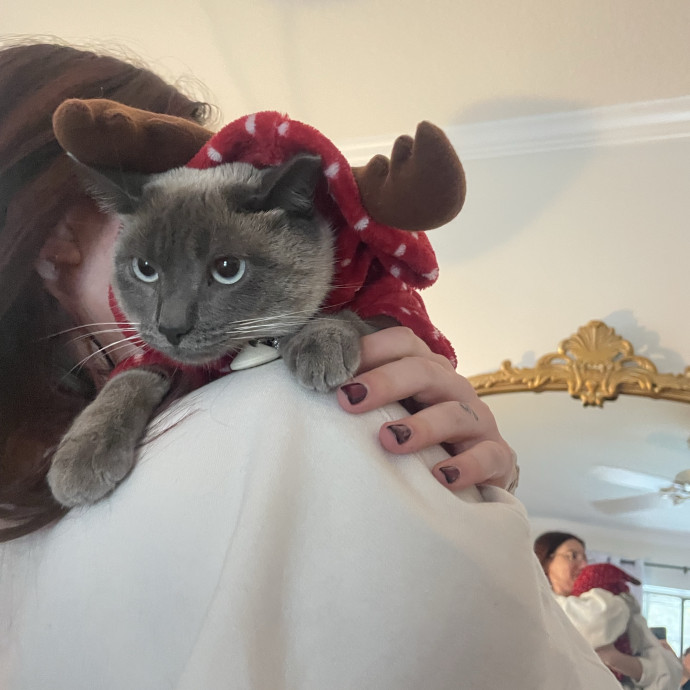 Safety Harbor Cat Lover photo 2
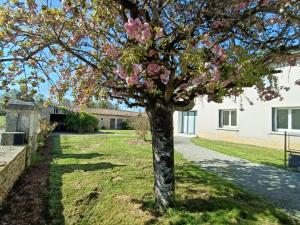 a magnolia tree in the yard of a house at Location des longères in Brux +7 photos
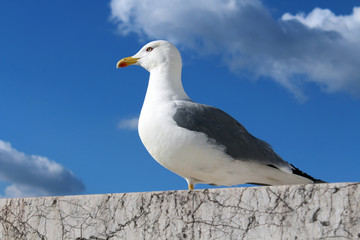 Standing Seagull over cloudy sky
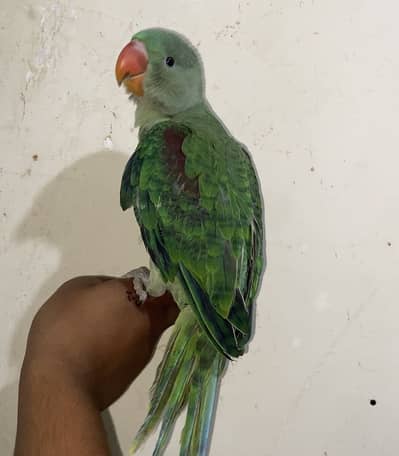 HAND TAME MALE FRIENDLY PARROT. TALKING START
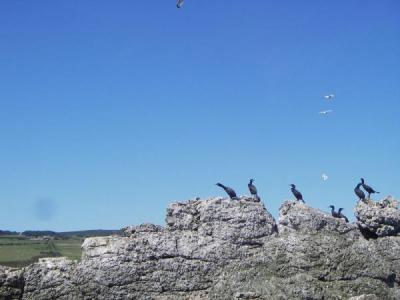 North Wales Sea Kayaking Courses - Specialist Sea Kayaking Anglesey, North Wales image from Sea Kayaking Anglesey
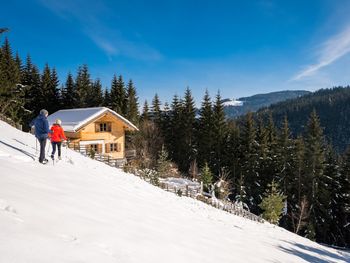 Bergchalet Kuhgraben - Carinthia  - Austria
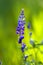 Lupinus Nanus or Sky Lupine plant growing in Utah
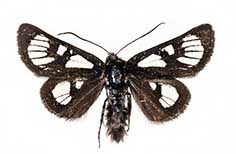 Dark brown moth with white patterned spots.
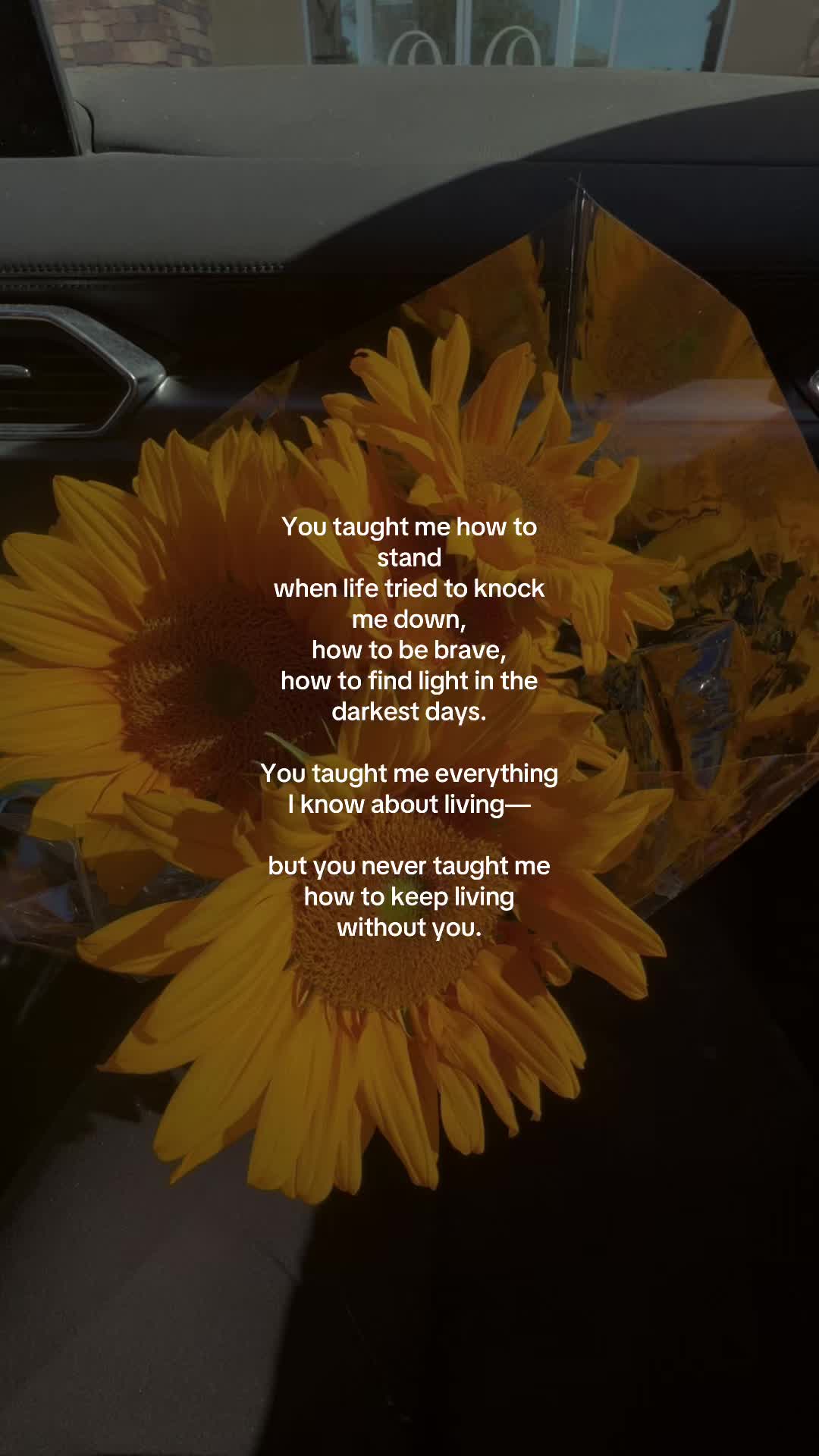 @Sav 🖤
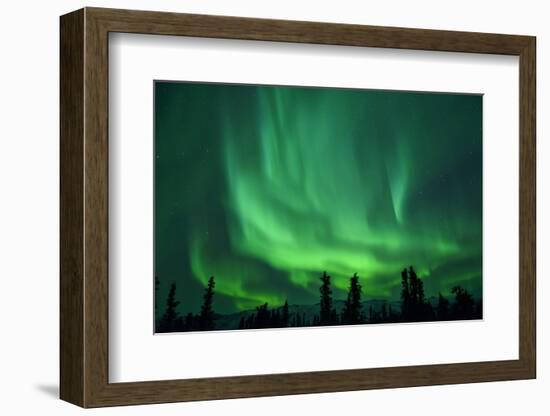 Aurora Borealis at Chena Hot Springs, Fairbanks, Alaska, Usa-Christian Heeb-Framed Photographic Print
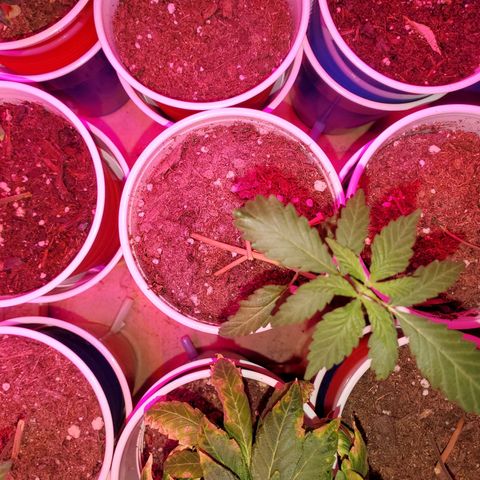 Unknown strain growlog photo: Calcium tomorrow!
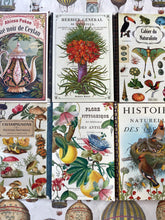 Charger l'image dans la galerie, Illustration notebook / イラスト入りノート / Cahier illustré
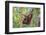 Indonesia, Central Kalimatan-Nigel Pavitt-Framed Photographic Print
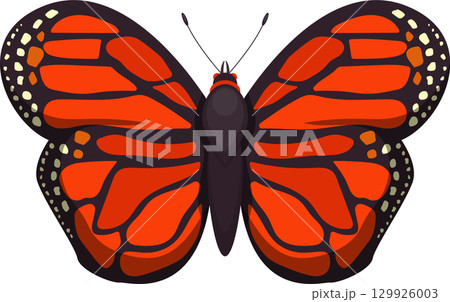 Vibrant butterfly displaying beautiful orange and black patterns, showcasing nature's artistry. Vibrant butterfly displaying beautiful orange and black patterns, showcasing nature's artistry. 129926003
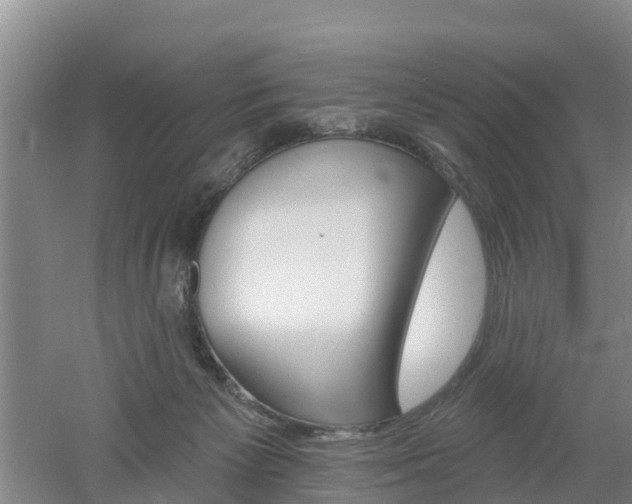 X0000053020125200507152024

++++++++

Instructions for the task. Starting at the line that contains "Bergchalet Kuhgraben - Carinthia", restate each line verbatim through the final line of the listing, skipping all pictures.

Final answer.
 Bergchalet Kuhgraben - Carinthia  - Austria
 Lupinus Nanus or Sky Lupine plant growing in Utah
 Dark brown moth with white patterned spots.
 @Sav 🖤
 Aurora Borealis at Chena Hot Springs, Fairbanks, Alaska, Usa-Christian Heeb-Framed Photographic Print
 Unknown strain growlog photo: Calcium tomorrow!
 Charger l'image dans la galerie, Illustration notebook / イラスト入りノート / Cahier illustré
 Indonesia, Central Kalimatan-Nigel Pavitt-Framed Photographic Print
 Vibrant butterfly displaying beautiful orange and black patterns, showcasing nature's artistry. Vibrant butterfly displaying beautiful orange and black patterns, showcasing nature's artistry. 129926003
 X0000053020125200507152024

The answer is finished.